Section 11365 of the Health and Safety Code is amended to read:
11365.
(a) It is unlawful to visit or to be in any room or place where any controlled substances that are specified in subdivision (b), (c), or (e), or paragraph (1) of subdivision (f) of Section 11054, specified in paragraph (15) or (20) of subdivision (d) of Section 11054, or specified in subdivision (b) or (c) or paragraph (2) of subdivision (d) of Section 11055, or that are narcotic drugs classified in Schedule III, IV, or V, are being unlawfully smoked or used with knowledge that such activity is occurring.
(b) This section shall apply only where the defendant aids, assists, or abets the perpetration of the unlawful smoking or use of a controlled substance specified in subdivision (a). This subdivision is declaratory of existing law as expressed in People v.
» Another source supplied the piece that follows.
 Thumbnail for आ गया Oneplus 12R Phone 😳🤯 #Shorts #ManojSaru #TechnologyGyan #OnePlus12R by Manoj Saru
Cressey (1970) 2 Cal. 3d 836.
SEC. 9.
Section 11377 of the Health and Safety Code is amended to read:
11377.
(a) Except as authorized by law and as otherwise provided in subdivision (b) or Section 11375, or in Article 7 (commencing with Section 4211) of Chapter 9 of Division 2 of the Business and Professions Code, every person who possesses any controlled substance that is (1) classified in Schedule III, IV, or V, and that is not a narcotic drug, (2) specified in subdivision (d) of Section 11054, except paragraphs (10), (11), (13), (14), (15), (18), (19), and (20) of subdivision (d), (3) specified in paragraph (11) of subdivision (c) of Section 11056, (4) specified in paragraph (2) or (3) of subdivision (f) of Section 11054, or (5) specified in subdivision (d), (e), or (f) of Section 11055, unless upon the prescription of a physician, dentist, podiatrist, or veterinarian, licensed to practice in this state, shall be punished by imprisonment in a county jail for a period of not more than one year, except that such person may instead be punished pursuant to subdivision (h) of Section 1170 of the Penal Code if that person has one or more prior convictions for an offense specified in clause (iv) of subparagraph (C) of paragraph (2) of subdivision (e) of Section 667 of the Penal Code or for an offense requiring registration pursuant to subdivision (c) of Section 290 of the Penal Code.
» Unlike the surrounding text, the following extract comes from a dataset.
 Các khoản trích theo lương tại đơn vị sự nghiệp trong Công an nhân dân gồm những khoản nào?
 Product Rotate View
(b) The judge may assess a fine not to exceed seventy dollars ($70) against any person who violates subdivision (a), with the proceeds of this fine to be used in accordance with Section 1463.23 of the Penal Code. The court shall, however, take into consideration the defendant’s ability to pay, and no defendant shall be denied probation because of their inability to pay the fine permitted under this subdivision.
(c) It is not unlawful for a person other than the prescription holder to possess a controlled substance described in subdivision (a) if both of the following apply:
(1) The possession of the controlled substance is at the direction or with the express authorization of the prescription holder.
(2) The sole intent of the possessor is to deliver the prescription to the prescription holder for its prescribed use or to discard the substance in a lawful manner.
(d) This section does not permit the use of a controlled substance by a person other than the prescription holder or permit the distribution or sale of a controlled substance that is otherwise inconsistent with the prescription.
SEC. 10.
Section 11377.1 is added to the Health and Safety Code, to read:
11377.1.
(a) Except as otherwise provided in subdivisions (b), (c), (d), and (e) of this section, and notwithstanding any other law, all of the following shall be lawful for a natural person 21 years of age or older and shall not be a violation of state or local law:
(1) The possession, preparation, obtaining, or transportation, of no more than the allowable amount of any of the following substances for personal use:
(A) The controlled substance specified in paragraph (10) of subdivision (d) of Section 11054.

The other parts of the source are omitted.